Não pedir à AIMA mais do que ela pode dar 

Por Acácio Pereira

Reter e atrair talento é o mais decisivo objetivo transversal que os governos de Portugal têm para cumprir nas próximas décadas. Pensar que esta tarefa pode ser colocada sobre os ombros de uma jovem agência é de quem não tem, simplesmente, noção.

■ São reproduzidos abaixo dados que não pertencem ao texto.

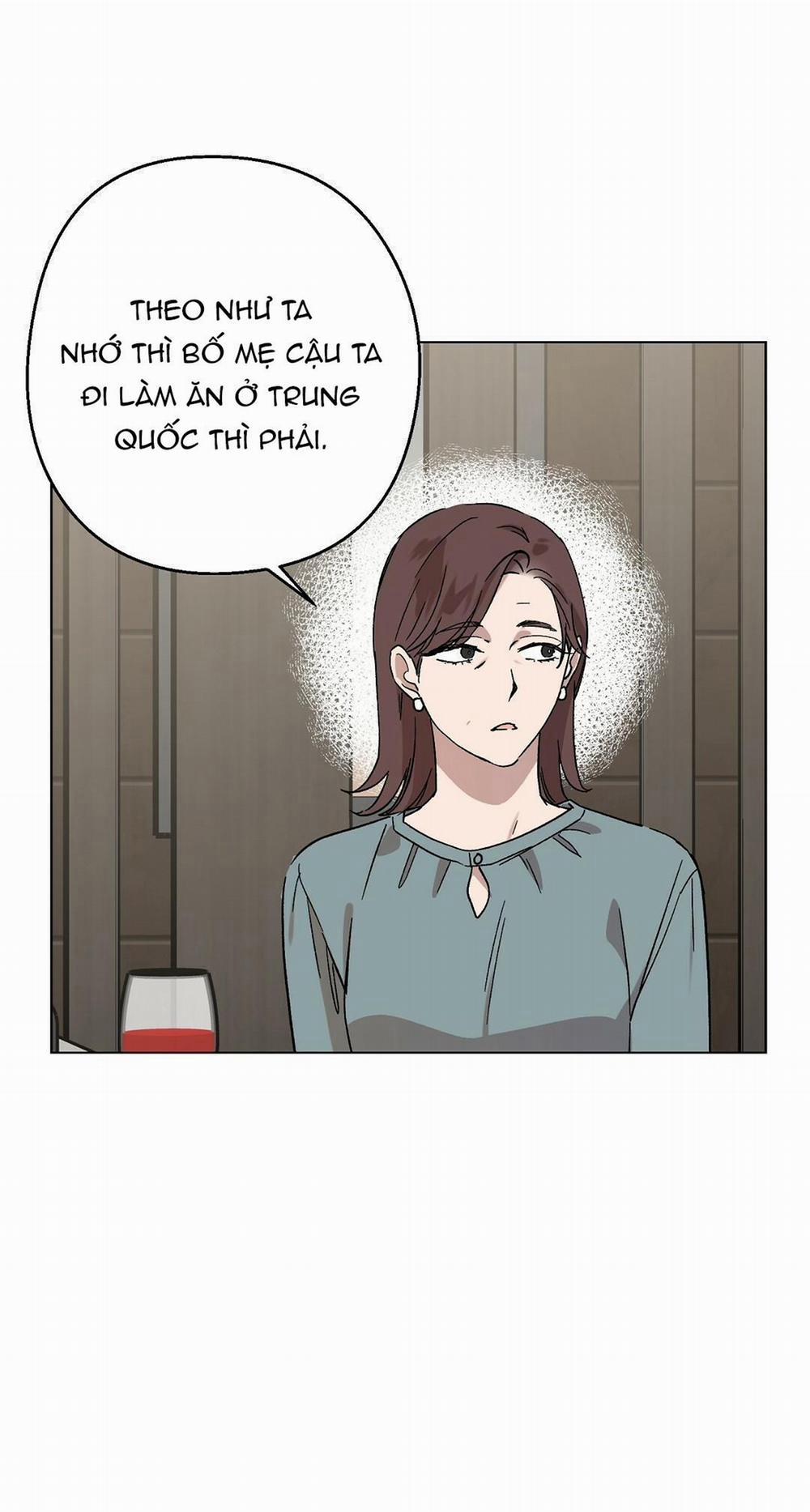 Bitter Sweet Darling 16 trang 22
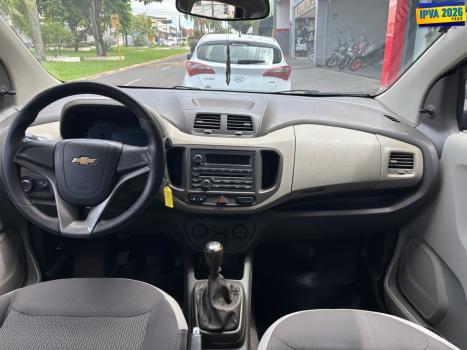 CHEVROLET Spin 1.8 4P FLEX LT, Foto 8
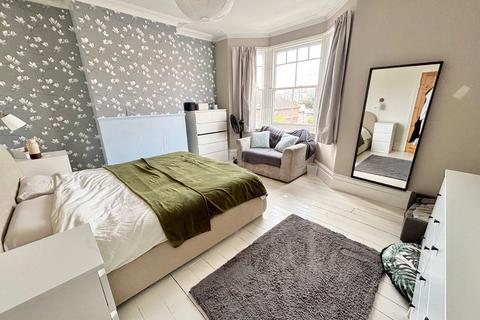3 bedroom end of terrace house for sale, Springfield Road, Bexhill on Sea TN40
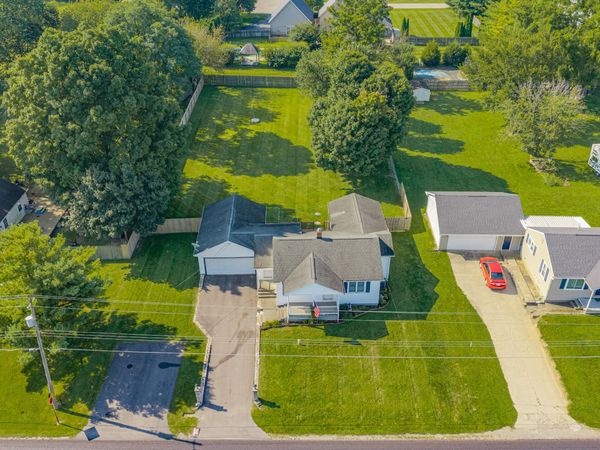 4269 Detrick Jordan Pike, Springfield, OH 45502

Não vale a pena ferver em pouca água. O Governo de Luís Montenegro ainda está a dar os primeiros passos e deve-lhe ser concedido, se não um “estado de graça”, pelo menos uns cem dias para assentar ideias, decidir o rumo e começar a governar. Dito isto, a forma como o elenco governamental foi constituído – sem valorizar a imigração com uma Secretaria de Estado com a tutela no nome – e a junção, sobre a Agência para a Integração, Migrações e Asilo (AIMA) das políticas de imigração e emigração, como se fossem a mesma coisa ou áreas afins, foram duas desilusões para quem tinha a esperança de que o primeiro-ministro e quem o rodeia tivessem mais sensibilidade para o tema.

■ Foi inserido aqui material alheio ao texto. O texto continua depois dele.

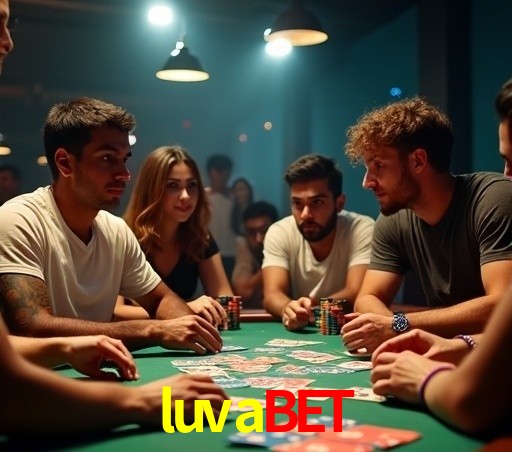 Sistemas de Segurança luvabet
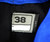 2023 Boise State Broncos #35 Game Used Black Jersey Football NP Rem 38 839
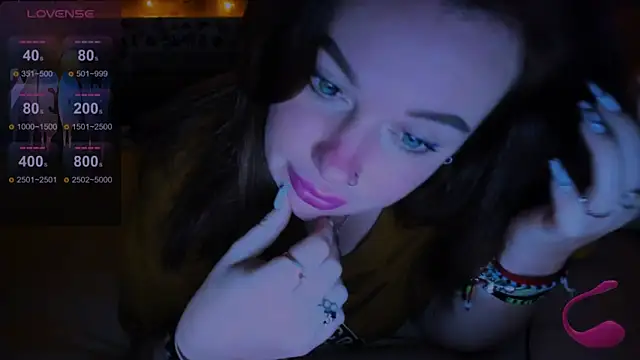 EllieOz online show from 14, 12, 2024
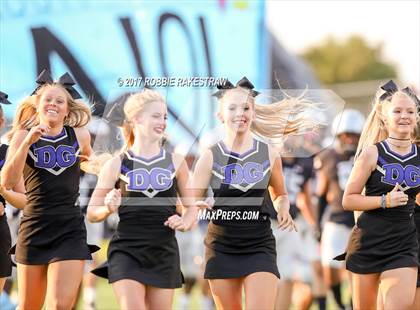 Thumbnail 3 in Guyer @ Lake Ridge photogallery.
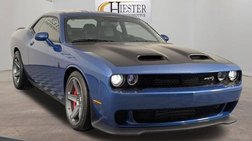 2020 Dodge Challenger SRT Hellcat Redeye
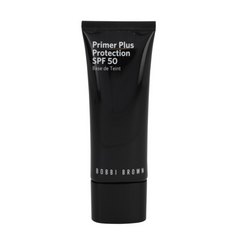 Primer Plus Protection SPF 50 by Bobbi Brown for Women - 1.3 oz Primer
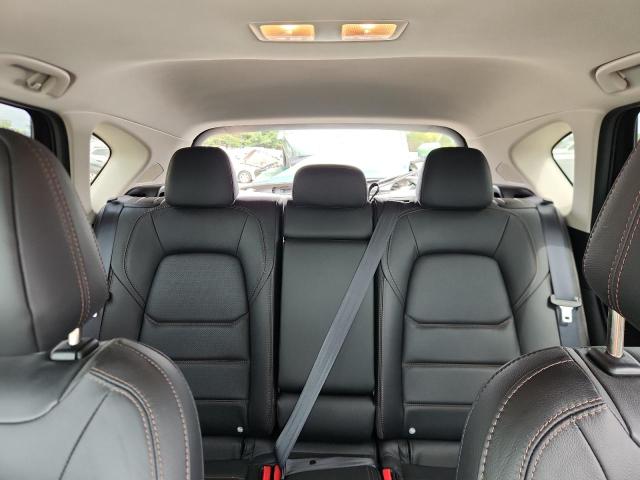 Photo 10 from auction – 2023 MAZDA CX-5 PREMI with VIN JM3KFBEM2P0132869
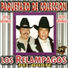 Los Relámpagos Del Norte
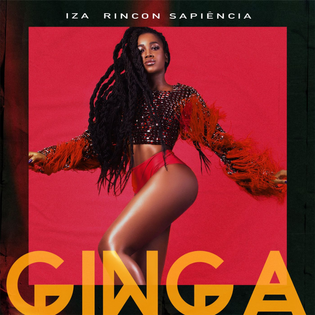 Iza » Ginga Lyrics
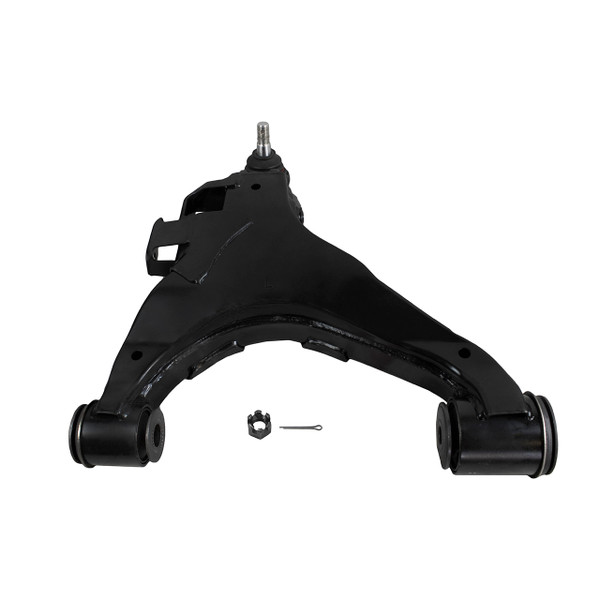 Image set of XRF Chassis XCA1494 Front Left Lower Control Arm And Ball Joint Assembly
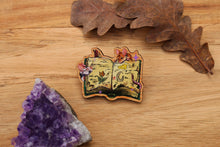 Cargar imagen en el visor de la galería, Pack Rally Witch Market. Colaboración entre 5 artistas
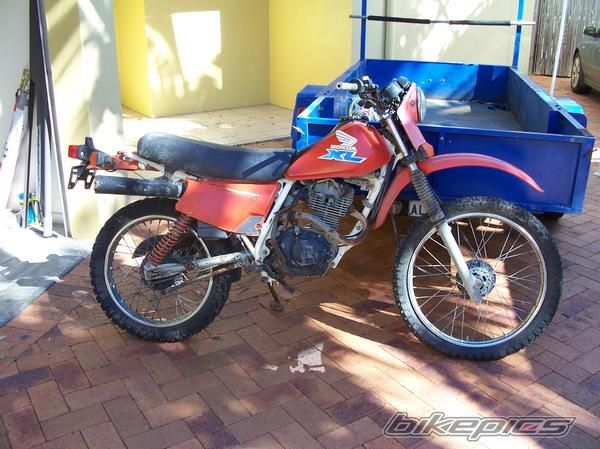 Bike Photo 948255
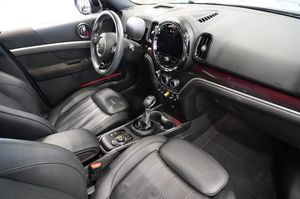 MINI Countryman bild 16
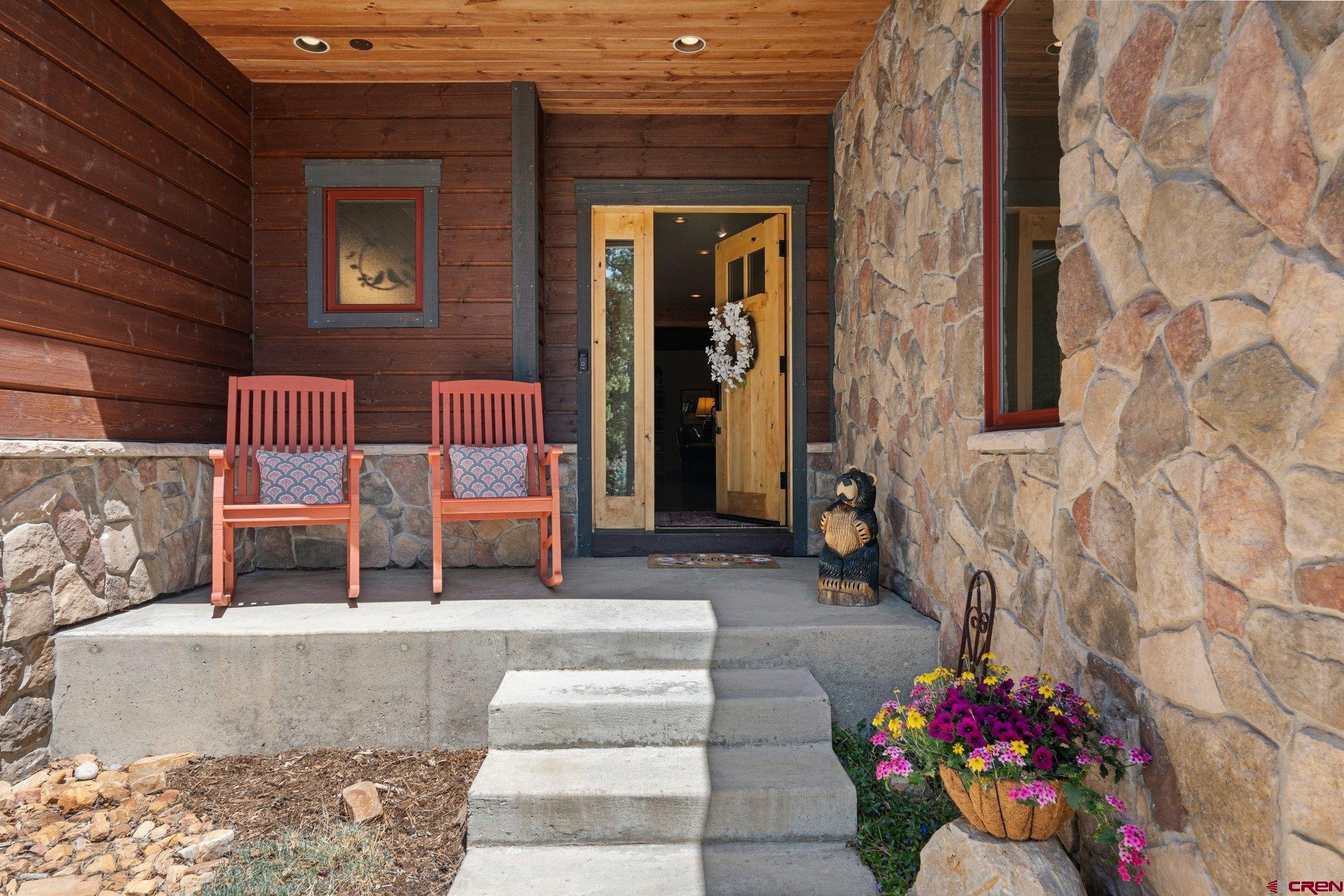 300 Copper Rim Trail Durango, CO 81301 - Photo 17 of 44 Gallery Image 17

No Programa do XXIV Governo, o ponto relativo às “Migrações” (pág. 178/179) começa por dizer coisas de bom senso, como a necessidade de políticas que envolvam o Estado, empresas e instituições sociais para “promover uma imigração regulada, com humanismo, digna e construtiva para o desenvolvimento sustentável de Portugal”. Há de facto muito a fazer neste capítulo, sendo que tornar a AIMA um organismo capaz de receber os imigrantes que procuram Portugal, avaliar as suas circunstâncias, proceder em conformidade e documentá-los em tempo útil, é um desafio enorme que vai precisar de tempo, de meios e de capacidade política por parte de quem governa.

Como o Presidente da República disse aos jornalistas estrangeiros no célebre jantar que lhes ofereceu, as pessoas não imaginam o efeito desestruturante que o desmantelamento do SEF teve na máquina do Estado, quer para lidar com a imigração, quer para assegurar a segurança das fronteiras, quer para perseguir redes transnacionais de tráfico humano. Pôr a AIMA a cumprir bem as missões para que foi criada é, só por si, um trabalho mais do que suficiente para uma jovem instituição acabada de nascer.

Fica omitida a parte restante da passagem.